Marriage Equality and Religion
An article in today’s USA Today explores the connection between legislative proposals for marriage equality and the relative proportion of people answering “None” for their religion on the recent American Religious Identification Survey. The results, of course, are no surprise:
Same-sex marriage proposals are sweeping into New England state legislatures this spring, particularly in places where organized religious opposition may be the weakest…states where the percentage of “nones”—people who say they have no religion—is at or above the national average of 15% are more likely to push expanding the scope of marriage, civil unions or same-sex partner rights.
For example, Vermont’s Senate just passed a same-sex marriage bill, which is expected to be passed by the House this week. And Vermont also has the highest percentage of the religiously unaffiliated in the nation at 34%. A similar situation is found in neighboring New Hampshire, where a marriage equality bill is expected to pass soon, and the unaffiliated are 29% of the population.
The analysis also found the reverse to be true: the states with the highest percentage of adherents to conservative religious sects were most likely to have taken legislative action against same-sex marriage. That, of course, is not news.

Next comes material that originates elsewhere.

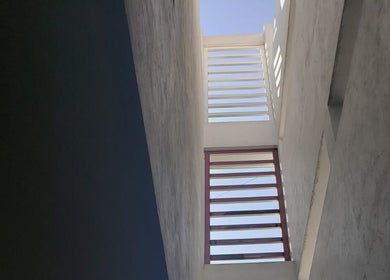 Stylish architectural view of SERELYS in Ecatepec De Morelos, Estado De México, MX with skyward angle.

But what is particularly interesting in all of this is the generational aspect:
Barry Kosmin, Trinity College sociologist and co-director of the survey, says the correlation (between support for same-sex marriage and lack of religious affiliation) is no coincidence. “Given that 25% of GenX (those ages 29 to 42) and GenY (ages 18 to 28) are nones, this is where we are headed,” he says. “It’s a standoff between young people with a tremendous sympathy for civil rights and what appears to be biblical injunctions from religion.”

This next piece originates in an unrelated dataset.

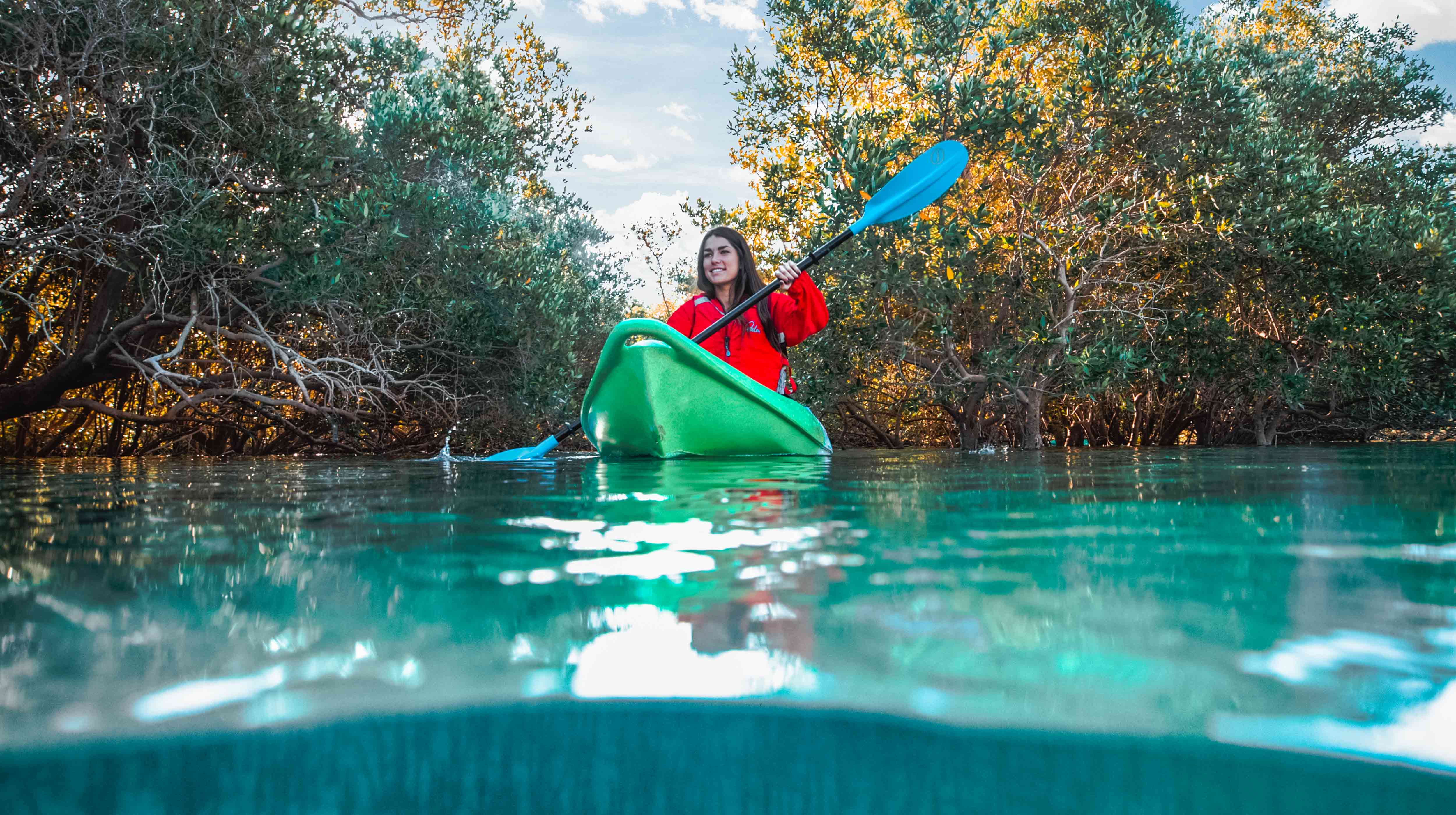 Eine lächelnde junge Frau paddelt in einem grünen Kajak durch die üppig grüne Natur im Mangroven-Nationalpark in Abu Dhabi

I think it’s very significant that the opponents of marriage equality have been generally unable to articulate a secular case for their position. For example, an essay on same-sex marriage by religious right leader James Dobson concludes like this:
Marriage is a sacrament designed by God that serves as a metaphor for the relationship between Christ and His church. Tampering with His plan for the family is immoral and wrong. To violate the Lord’s expressed will for humankind, especially in regard to behavior that He has prohibited, is to court disaster.
That message simply doesn’t resonate with the unaffiliated, for obvious reasons. Frankly, to a large portion of society it reads like gibberish.
Opponents of marriage equality have had more success when they can obfuscate the religious basis of their opposition with judicial or legal issues, such as with the recent successful passage of Proposition 8 in California. The proponents of the measure seemed to be successful in convincing enough people that the real issue was that the California State Supreme Court ruling in favor of marriage rights was trampling on democratic rule. Nevertheless, the margin of victory for Prop 8 was narrow.
California missed the chance to lead the nation into a new era of greater marriage equality, but other states, all with relatively high percentages of unaffiliated, or “nones,” are moving forward:
Coming up: Legislatures in Rhode Island (nones 19%) and Maine (nones 25%) will hold hearings this spring on marriage “equality” bills. Nearby in New York (nones 14%), the Legislature could approve a bill “by the Fourth of July,” Rouse says.
This new push in the post Prop 8 era is very encouraging. With the diminished influence of conservative sects of Christianity all over the United States, I hope we’ll see this push for marriage equality continue and spread out of its current Northeast stronghold.